Mix networks (or mixnets) enhance onion routing by mixing messages at each relay, making it harder for adversaries to correlate incoming and outgoing messages. Various mixnet architectures have been proposed, including Vuvuzela and Stadium. Despite their strong anonymity guarantees, these solutions assume synchronous communication, where time progresses in rounds, and message transmissions are lossless and instantaneous. In practice, however, network communication is asynchronous and thus adversaries can exploit timing discrepancies to correlate messages entering and leaving the network.

$\Pi_t$ ("t" for "tulip" or "threshold"), is the first provably anonymous onion routing protocol for the asynchronous communications setting. As described in [ALU24], this protocol introduces several novel concepts such as checkpoint onions and bruising. Theoretical analysis demonstrates that $\Pi_t$ can provide differential privacy (see definition below) even under strong adversarial models. This analysis assumes a peer-to-peer network where relays must discover each other, exchange keys, and manage communication paths independently. Unfortunately this leads to several practical challenges such as increased complexity, lower fault tolerance, and inconsistent security enforcement.

This project aims to transition $\Pi_t$ to a service-model environment by introducing a fault-tolerant bulletin board that maintains a consistent view of all active relays and coordinates the start of a run.

Differential Privacy

Differential privacy is a mathematical framework for ensuring that the results of data analysis do not reveal any specific individual's data.

In the context of $\Pi_t$ and other onion routing protocols, a more nuanced form of differential privacy, called ($\epsilon$, $\delta$)-Differential Privacy , ensures that an adversary observing network traffic cannot (with high confidence) distinguish between two neighboring communication patterns. This means that the inclusion or exclusion of a single individual's data does not significantly affect the outcome of any analysis.

Epsilon (ε) and delta ($\delta$) are the parameters that define our (ε, $\delta$)-differential privacy guarantees:

  • ε: A non-negative parameter that bounds the multiplicative difference in probabilities of any outcome occurring whether an individual's data is included or not.
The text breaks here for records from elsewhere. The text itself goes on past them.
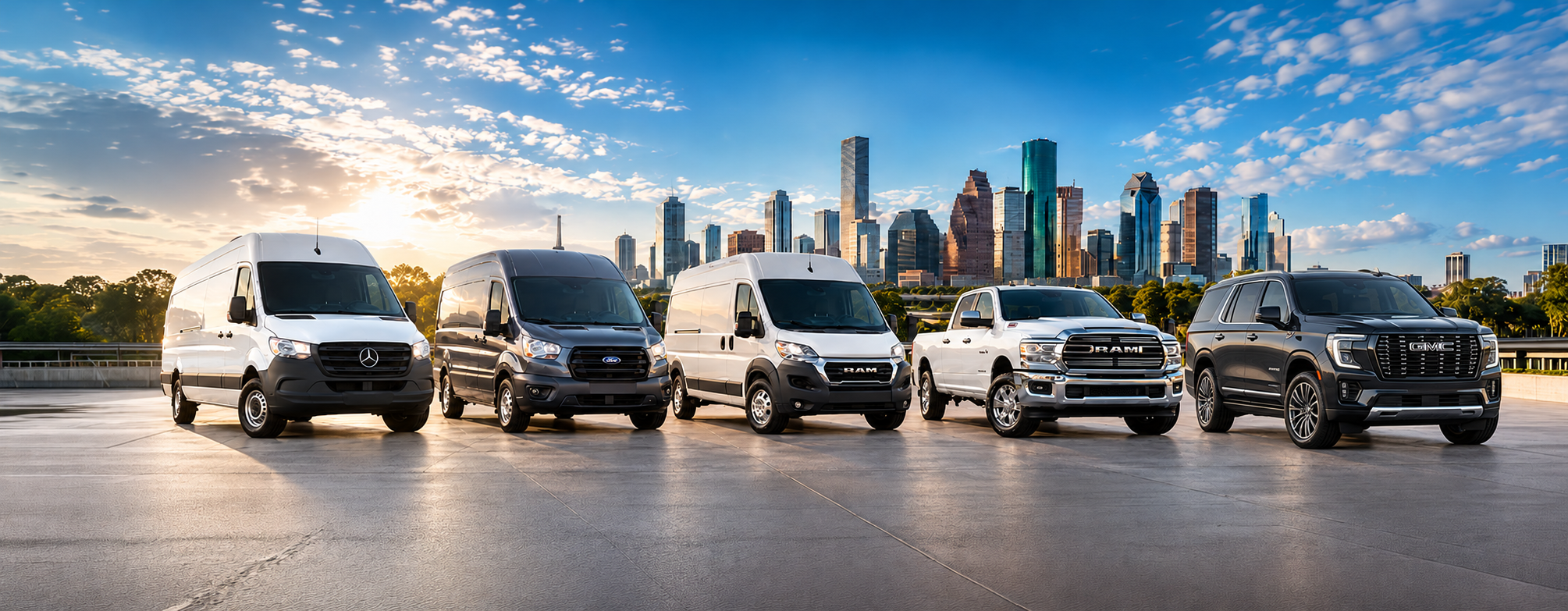 National Car Store vehicle lineup featuring a Sprinter, Transit, ProMaster, RAM pickup and GMC Yukon Denali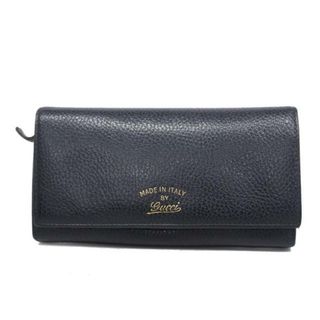 グッチ(Gucci)の【4ha0830】グッチ 長財布/354498 2067/レザー/ブラック/シャンパンゴールド金具 【中古】 レディース(財布)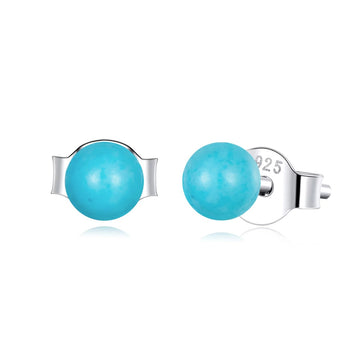 Cercei din argint Small Turquoise Ball, Argint 925, Pentru Femei 0.46g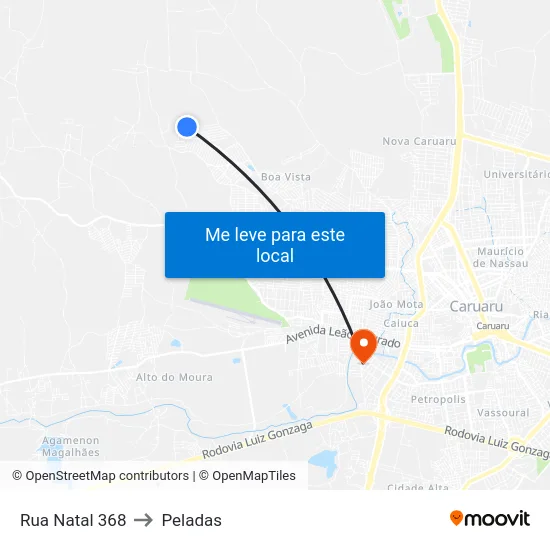 Rua Natal 368 to Peladas map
Smaller values of ε indicate stronger privacy guarantees.
  • $\delta$: A non-negative parameter that bounds the additive difference in probabilities, allowing for a small probability of error. Smaller values of $\delta$ also indicate stronger privacy guarantees.
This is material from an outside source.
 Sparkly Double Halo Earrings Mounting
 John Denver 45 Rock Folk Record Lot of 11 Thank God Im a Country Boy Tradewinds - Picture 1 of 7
Formally, a randomized algorithm or mechanism is ε, $\delta$)-differentially private if for every pair of neighboring inputs $\sigma_0$ and $\sigma_1$ and for every set $\mathcal{V}$ of adversarial views,

$$ \Pr[\text{View}^{\mathcal{A}}(\sigma_0) \in \mathcal{V}] \leq e^{\epsilon} \cdot \Pr[\text{View}^{\mathcal{A}}(\sigma_1) \in \mathcal{V}] + \delta $$

This means the adversary's view when Alice sends a message to Bob is statistically close to the view when Alice sends a message to Carol instead.

$\Pi_t$ Implementation Overview

 

Figure 1 - Routing Path Visualization, Example "Scenario 0" (with N clients, R Relays, l1 mixers, and l rounds)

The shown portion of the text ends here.